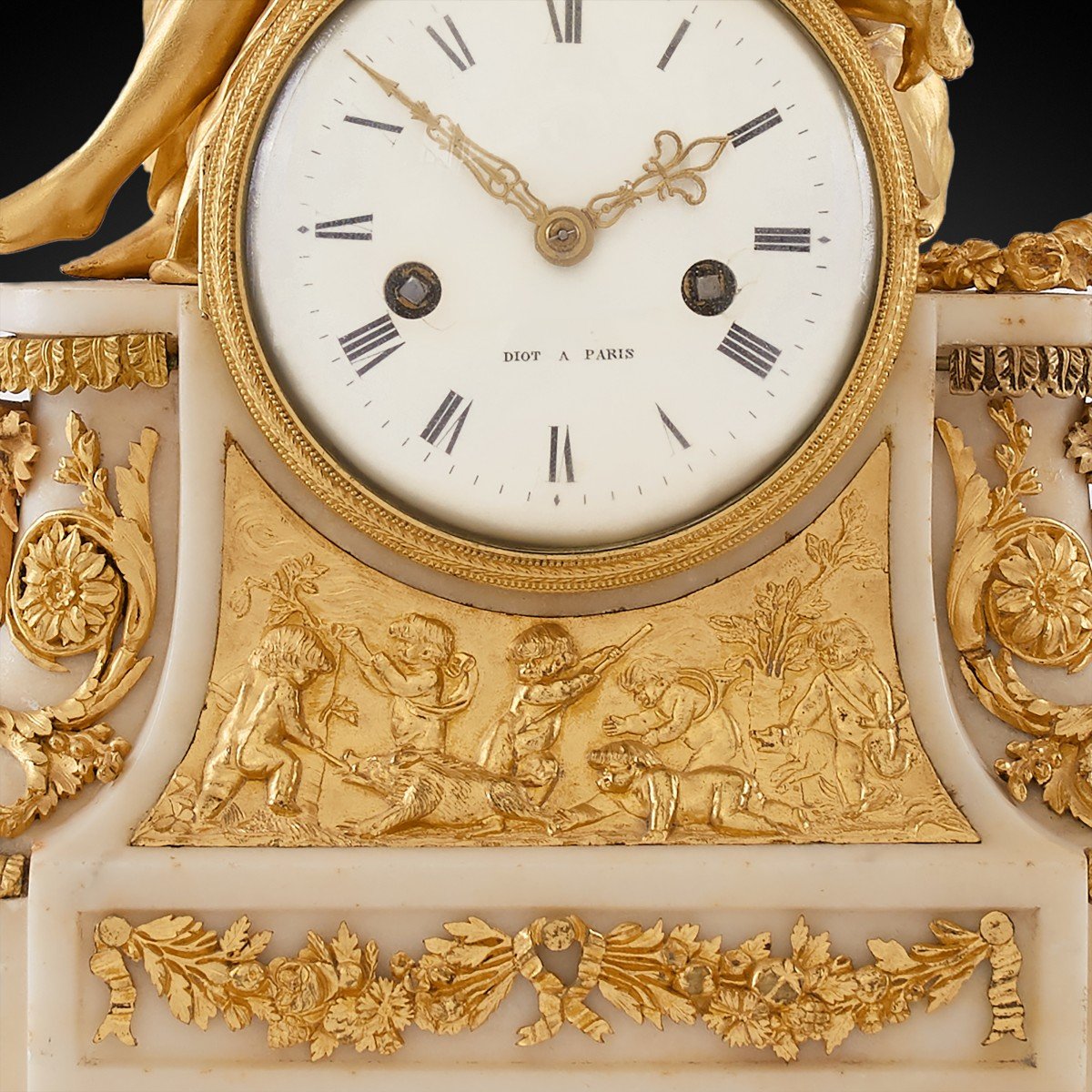 18th Century Mantel Clock Louis XV Period By Diot In Paris-photo-4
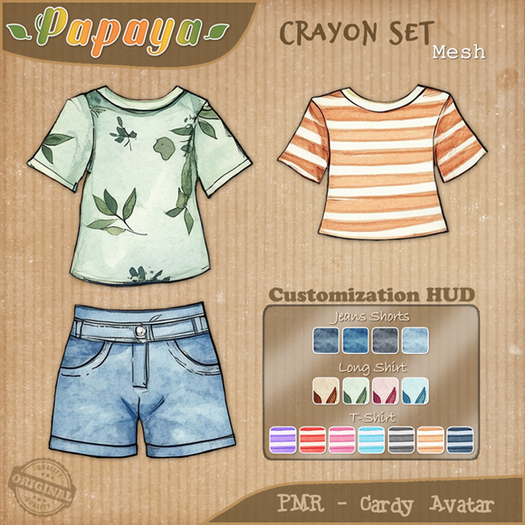 :Papaya: CRAYON FATPACK - Cardy/o Clothes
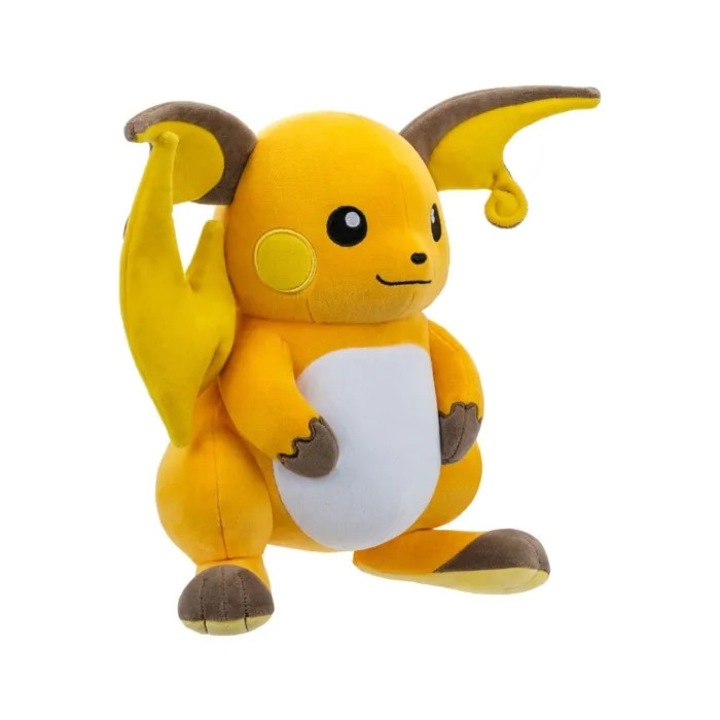Raichu plüssjáték, poliészter, hivatalos Pokemon licenc, 30 cm, Többszínű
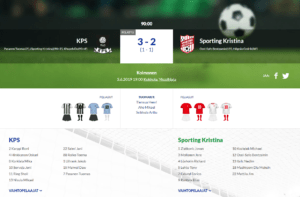 Read more about the article KPS – Sporting Kristina 3-2 (1-1)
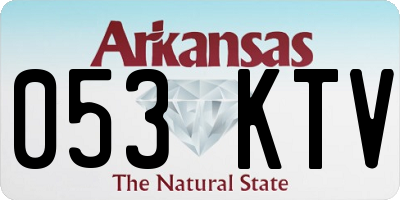 AR license plate 053KTV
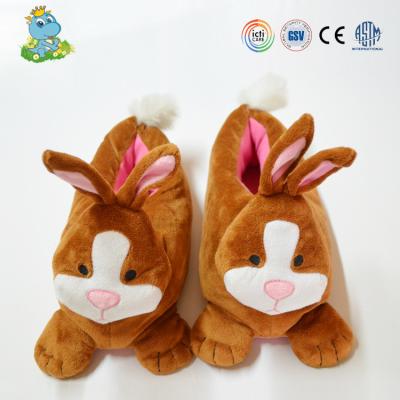 China Disposable Slippers Home Use Good Quality Rabbit Cartoon Child Animal Slippers for sale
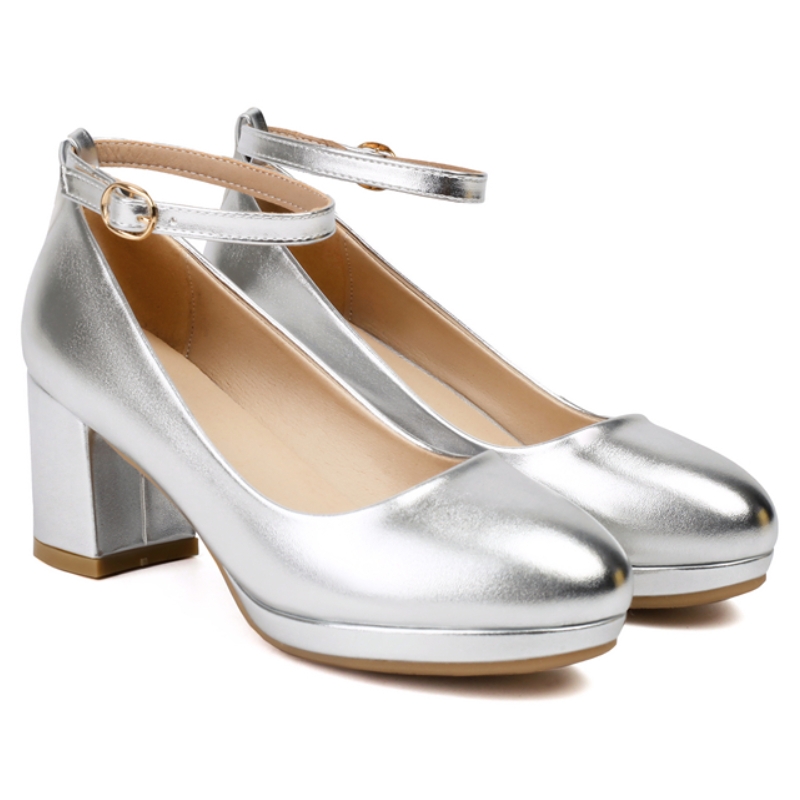 2025 new Red Elegant Gold Sier High Heel Women Pumps Shoe Large size 45 Casual Party Office Wedding Shoes Lady Dress Pump Comfortable 6da0 s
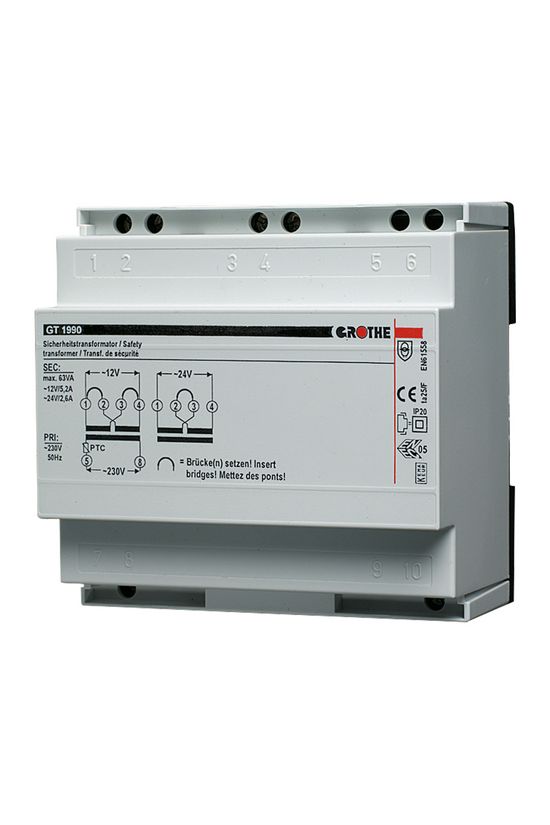 Biztonsági transzformátor 1F 63VA sorolható GT 1990 GROTHE - 14160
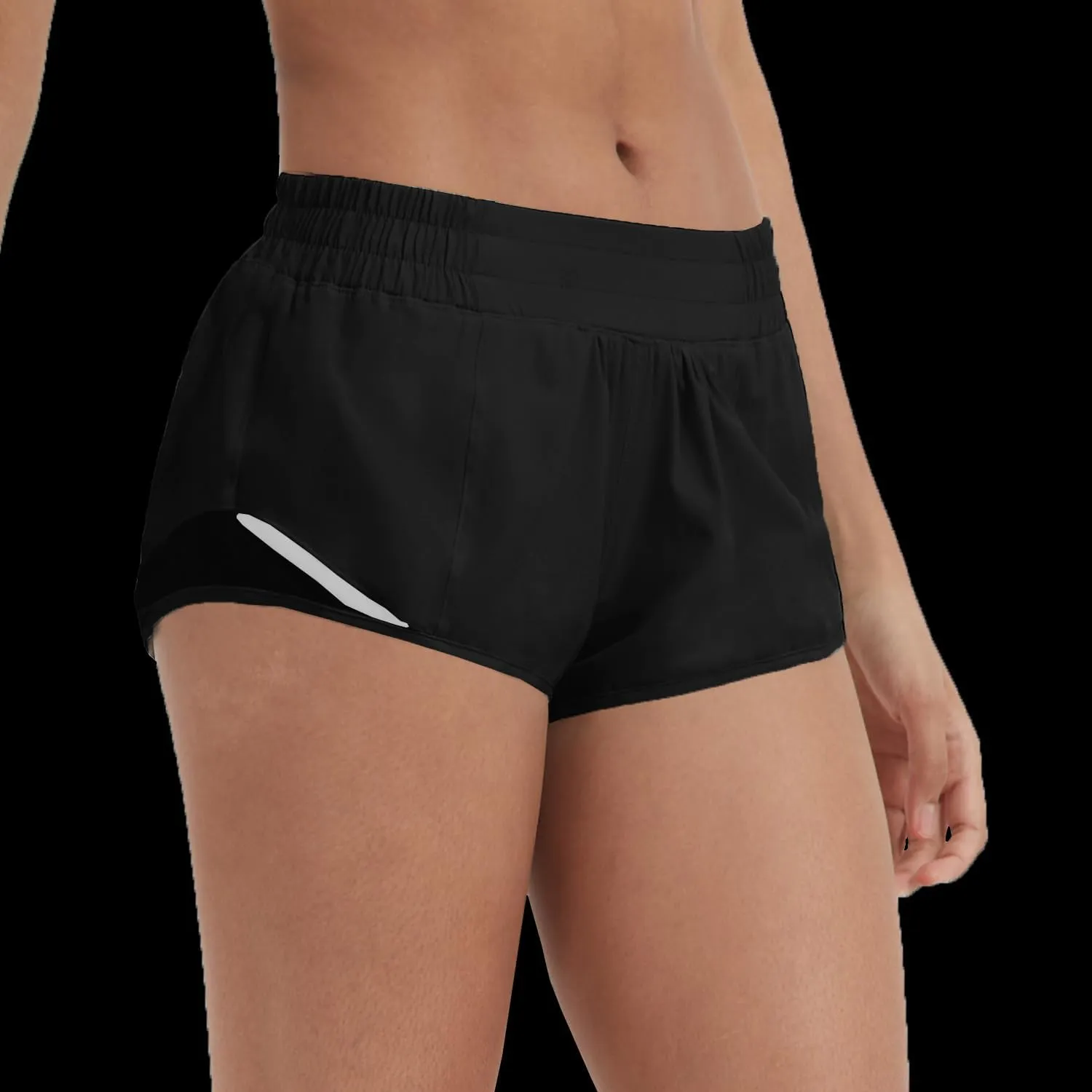 Husnainna Athletic Running Shorts for Women 2.5'' with Zipper Pockets and Mesh Liner Yoga Gym Workout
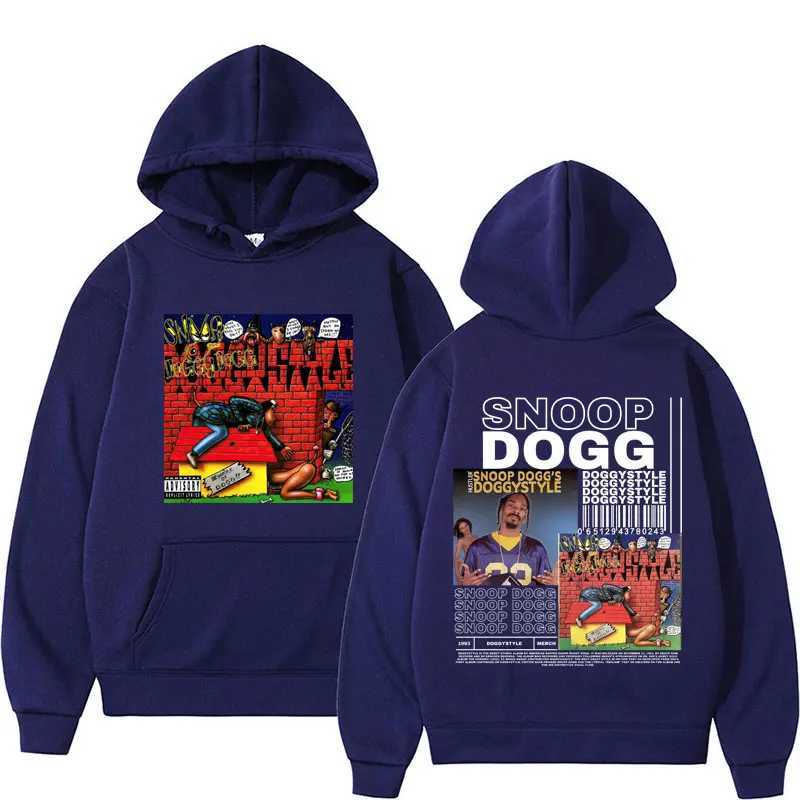 Limited Snoop Dogg Album Graphic Hoodie Mens Clothing Hip Hop Rap Style Pullovers Hooded Male Harajuku Gothic Retro Sweatshirts W250524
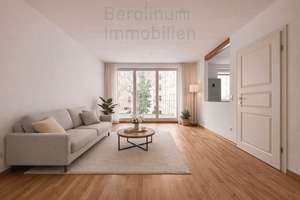 Bezugsfrei in Friedrichshain: ruhige 3-Zimmer-Wohnung mit Balkon und Aufzug nahe Volkspark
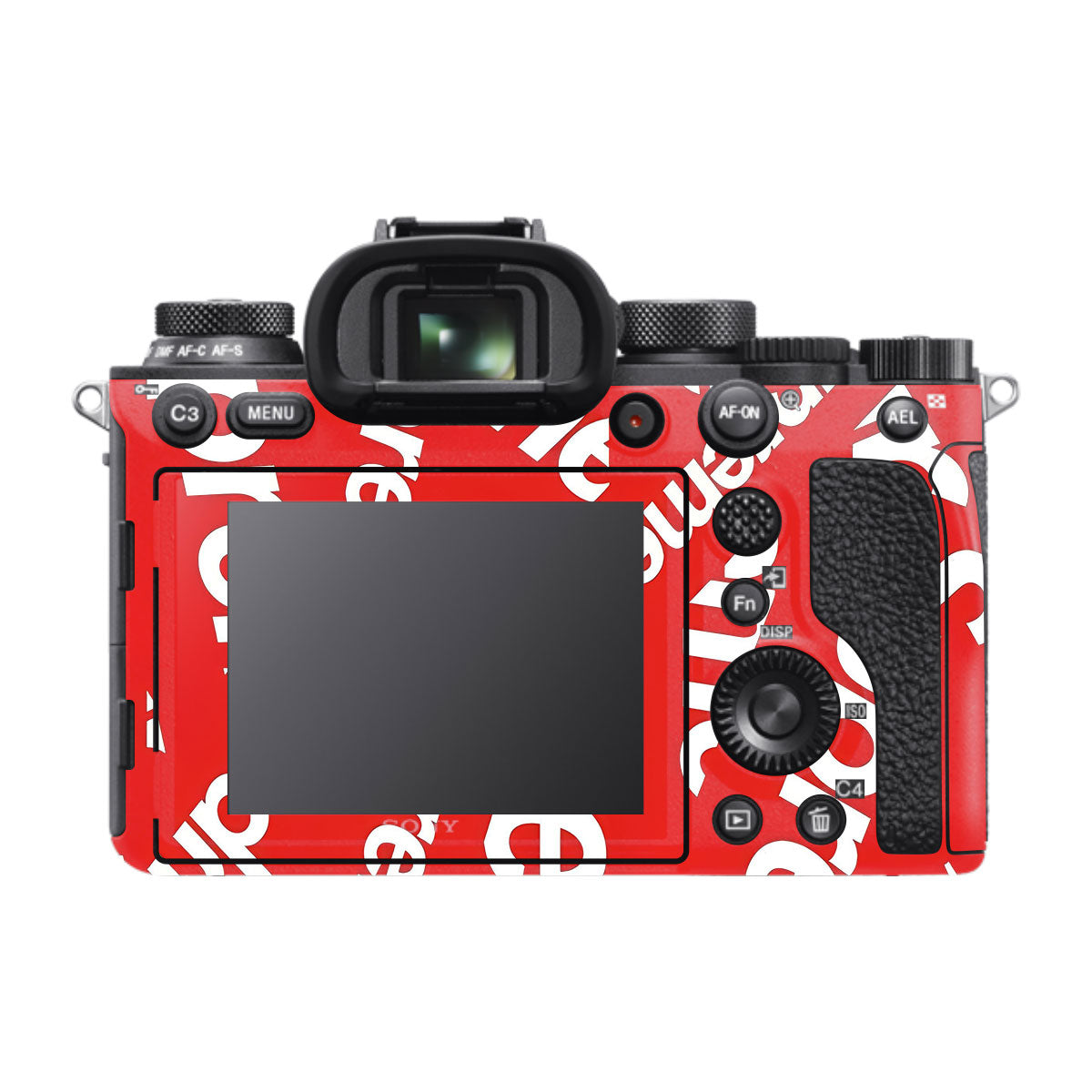 Supreme Red Sony A9 Camera Skins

========

--- The problem ---
Word for word, output the whole listing, but not its pictures.

--- Your response ---
 18th Century Mantel Clock Louis XV Period By Diot In Paris-photo-4
 :Papaya: CRAYON FATPACK - Cardy/o Clothes
Raichu plüssjáték, poliészter, hivatalos Pokemon licenc, 30 cm, Többszínű
 Read more about the article KPS – Sporting Kristina 3-2 (1-1)
 AR license plate 053KTV
 China Disposable Slippers Home Use Good Quality Rabbit Cartoon Child Animal Slippers for sale
 2025 new Red Elegant Gold Sier High Heel Women Pumps Shoe Large size 45 Casual Party Office Wedding Shoes Lady Dress Pump Comfortable 6da0 s
 Biztonsági transzformátor 1F 63VA sorolható GT 1990 GROTHE - 14160
 Husnainna Athletic Running Shorts for Women 2.5'' with Zipper Pockets and Mesh Liner Yoga Gym Workout
 Limited Snoop Dogg Album Graphic Hoodie Mens Clothing Hip Hop Rap Style Pullovers Hooded Male Harajuku Gothic Retro Sweatshirts W250524
 Bezugsfrei in Friedrichshain: ruhige 3-Zimmer-Wohnung mit Balkon und Aufzug nahe Volkspark
 Supreme Red Sony A9 Camera Skins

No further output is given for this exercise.